Partindo pela ótica “Você conhece realmente seus colaboradores?” Pare por um momento e se questione: Conheço realmente meus colaboradores? Sei de onde vieram? Qual a história deles? Eles são casados? Têm filhos? No momento estão felizes? Estão motivados? Estão com medo da crise ou do desemprego? Sei o que os motiva? Quais seus objetivos e seus propósitos tanto profissionais como pessoais? Acredite, muitas vezes o colaborador possui sonhos como viajar, trocar de carro e outros, mas não alinha esses sonhos a um esforço maior profissional para de fato alcançá-los, e como líder você pode associar e reforçar isso.  Então sugiro a você investir pelo menos sessenta minutos do seu tempo com cada colaborador, chamá-los para uma conversa informal,conhecer cada história, pedir licença para anotar no caderno pontos importantes que você possa revisitar no futuro, até para que em  momentos oportunos, quem sabe, perguntar sobre os filhos deles inclusive pelo nome,  ou perguntar sobre algo importante que o colaborador tenha confidencializado e partilhado. Isso com certeza vai aproximá-los mais de você. Garanto que esse exercício vai fazer com que você   entenda melhor e se aproxime mais dos seus colaboradores, fazendo com que eles se sintam mais importantes  na organização, podendo inclusive produzirem mais .  Ao concluir essa conversa um pouco mais intimista, você poderá se dispôr a ajudá-los mais em seus objetivos e em contra-partida poderá mais uma vez convidá-los a se engajar mais nos projetos e objetivos da organização.

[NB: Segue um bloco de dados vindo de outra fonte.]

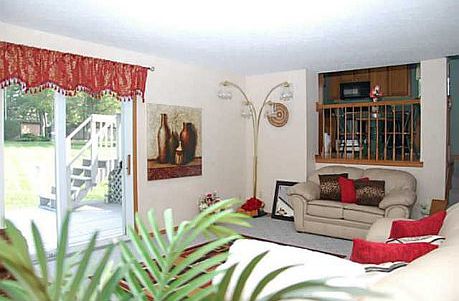 5th image of 4944 Strawberry Glade Dr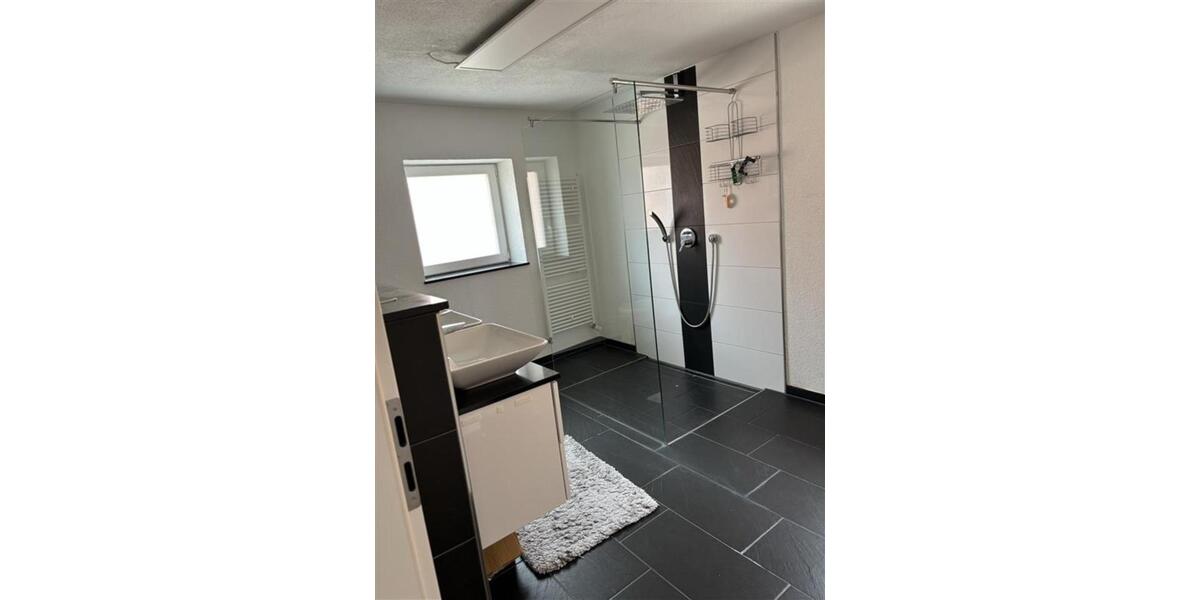 Einfamilienhaus Horb am Neckar - 7 Zimmer, 200 m&sup2;, 1.800&euro; | Angebot:25856131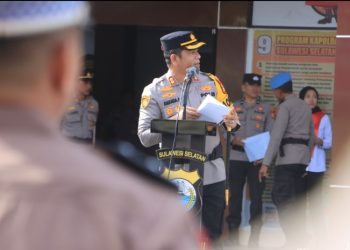 Polres Barru Gelar Upacara Kenaikan Pangkat 44 Personel, Kapolres Tekankan Profesionalisme dan Etika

Ser um líder é como ser um maestro, você não precisa saber tocar todos os instrumentos ou ter dominio de todas as competências,  o que você precisa é reger a orquestra de forma harmoniosa, buscando tirar o que cada um tem de melhor, no intuito de transformar numa excelente melodia, que inspire todos a transformar os esforços  em excelentes resultados. E como disse o fundador da escola analítica da psicologia Carl G. jung “Conheça todas as teorias, domine todas as técnicas, mas ao tocar uma alma humana seja apenas outra alma humana.” Pense nisso, seja mais um líder de pessoas, inspire e obtenha melhores resultados.